§ Input records
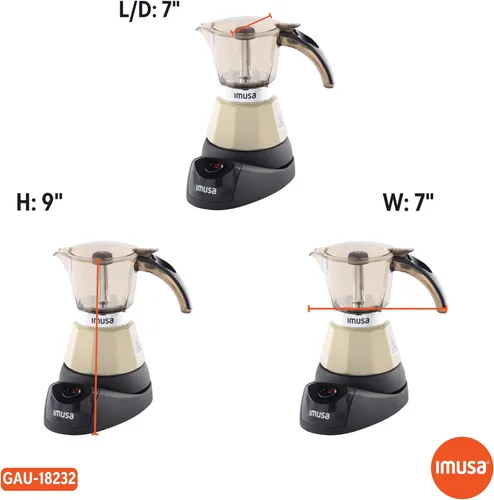 Miniatura 7 de IMUSA Cafetera eléctrica de almendras de 3 o 2 tazas, cafetera moka compacta con función de mantener el calor, base desmontable, cafetera de leche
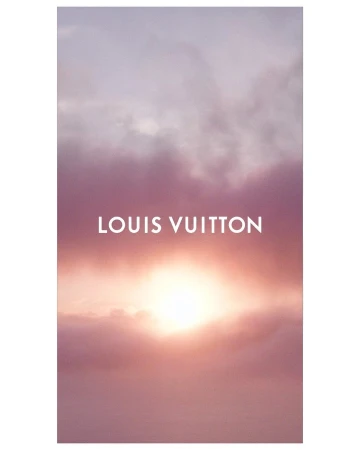 Sunrise or sunset with clouds in shades of pink and orange, featuring the Louis Vuitton brand name in white sans-serif typeface.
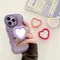 2 in 1 Silicone 3D Love Heart Phone Holder & Mini Mirror Desktop Lazy Folding Cellphone Stand for Smart Phone Case Accessories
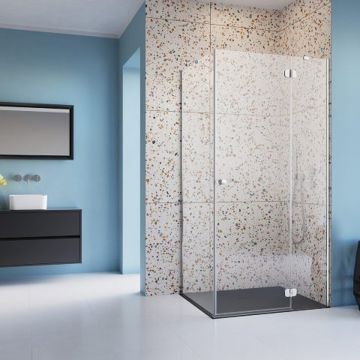 Pachet cabina de dus Torrenta KDJ dreapta 120x90 cm, cadita pentru dus Laros D Compact alb si sifon cadita crom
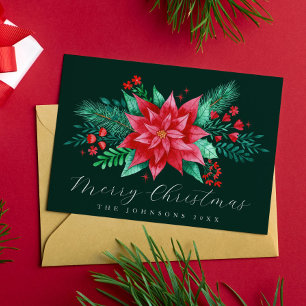 Cartes Pour Fêtes Annuelles Aquarelle Poinsettia traditionnel Noël Floral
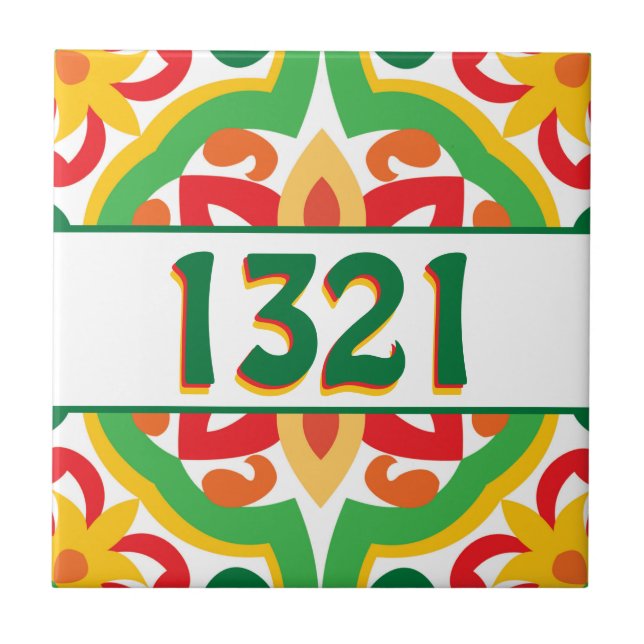 mit der Hausnummer Azulejos, dekorative Muster, Fliese (Vorderseite)
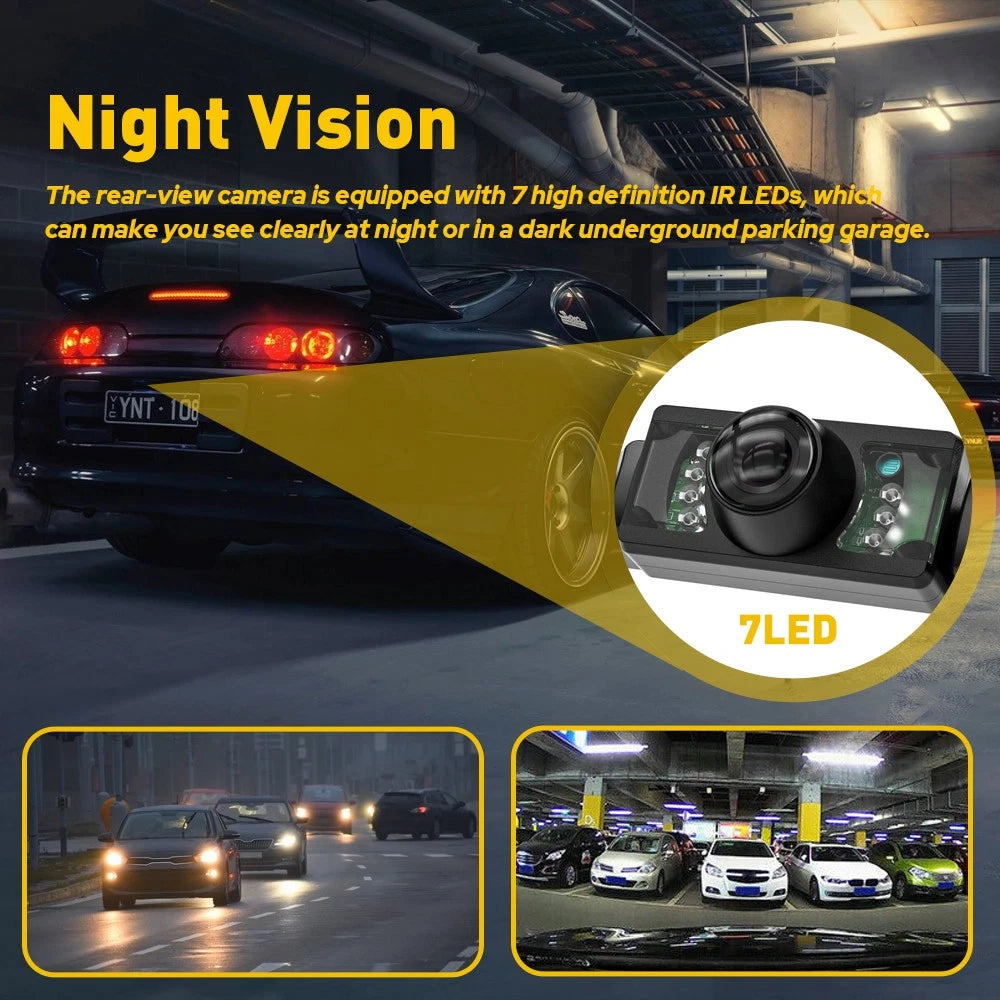 170° Rear Car View Camera HD Reverse Backup Parking 7LED Night Vision Waterproof 6B93BC-57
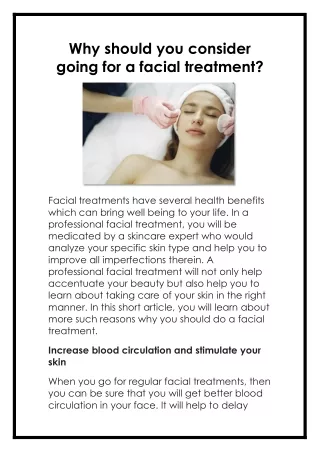 why should you consider going for a facial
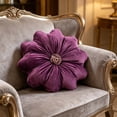 thumbnail image 1 of Sunflower Shape Throw Pillow Decorative Cotton Cushion for Sofa, Couch, Bed - Soft Velvet Accent for Living Room and Office Purple, 1 of 6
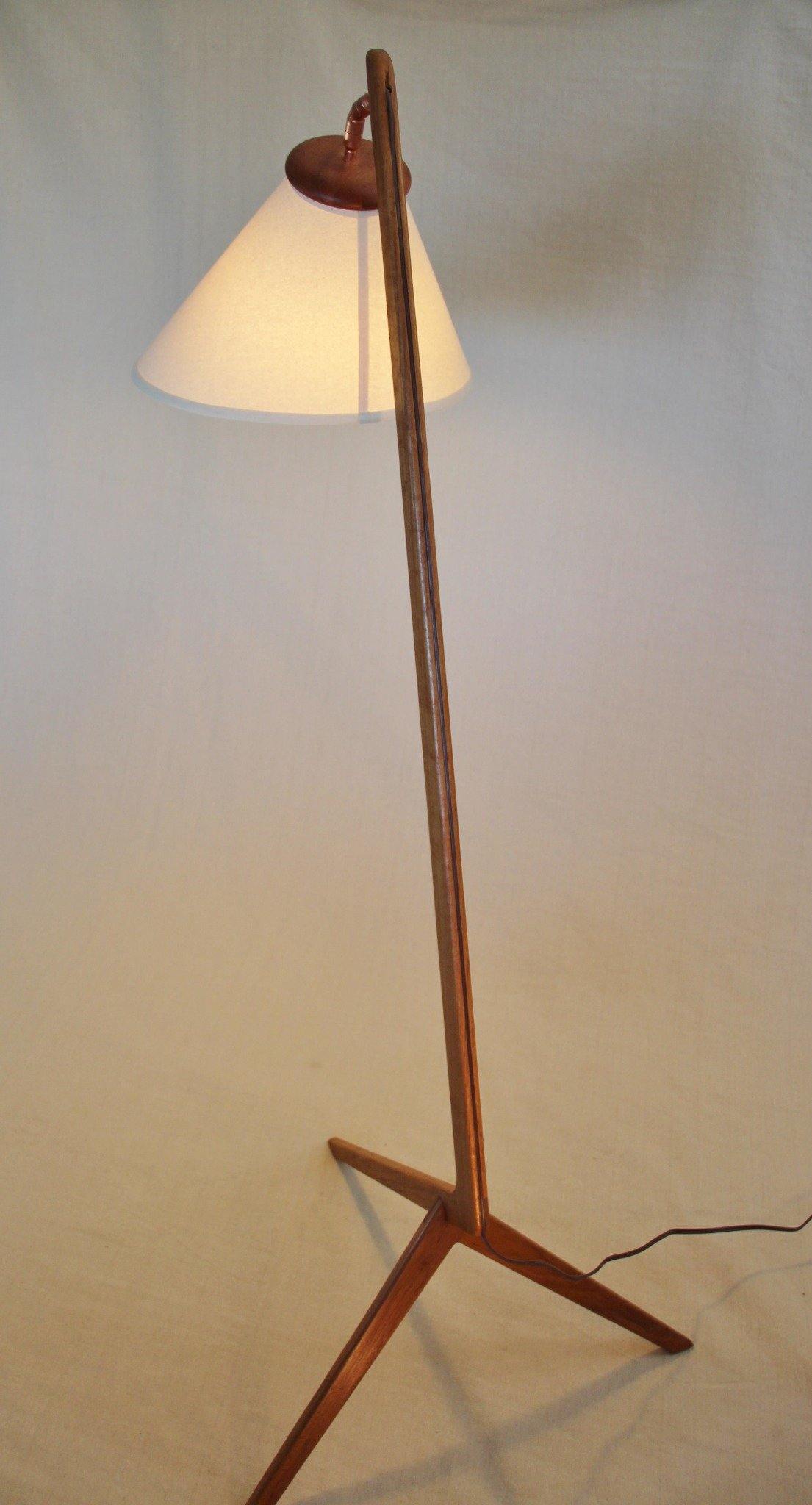 Showing reverse of Reclaimed Teak Floor Lamp with Grasshopper Legs - Cook Street Vintage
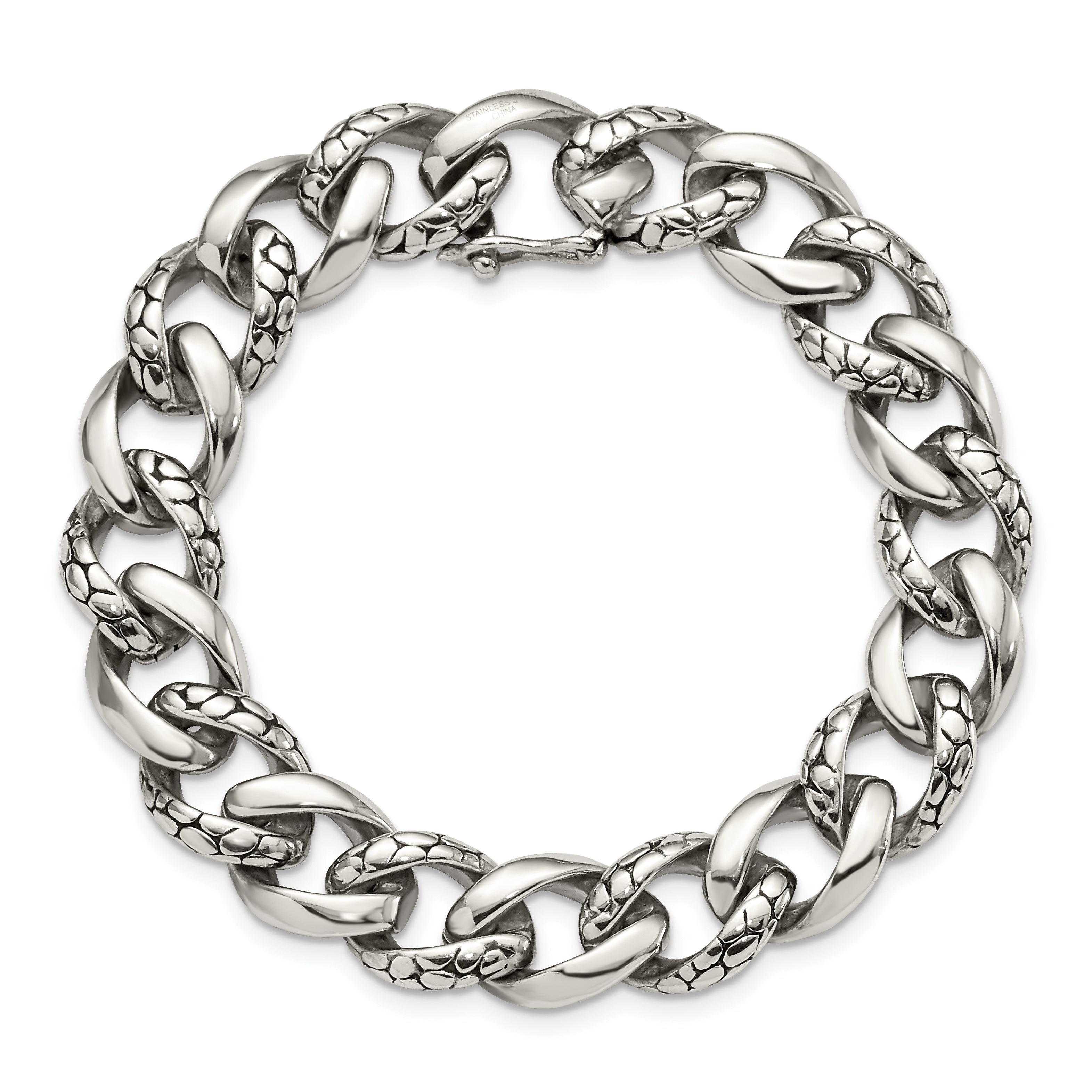 Chisel Stainless Steel Antiqued Polished and Reptile Scale Textured 8.5 inch Link Bracelet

§ Exercise aim
Exact copy, pictures excluded: from the line with "why should you consider going for a facial" up to and including the line with "thumbnail image 1" in the data above.

§ Answer for this exercise
 why should you consider going for a facial
 thumbnail image 1 of Sunflower Shape Throw Pillow Decorative Cotton Cushion for Sofa, Couch, Bed - Soft Velvet Accent for Living Room and Office Purple, 1 of 6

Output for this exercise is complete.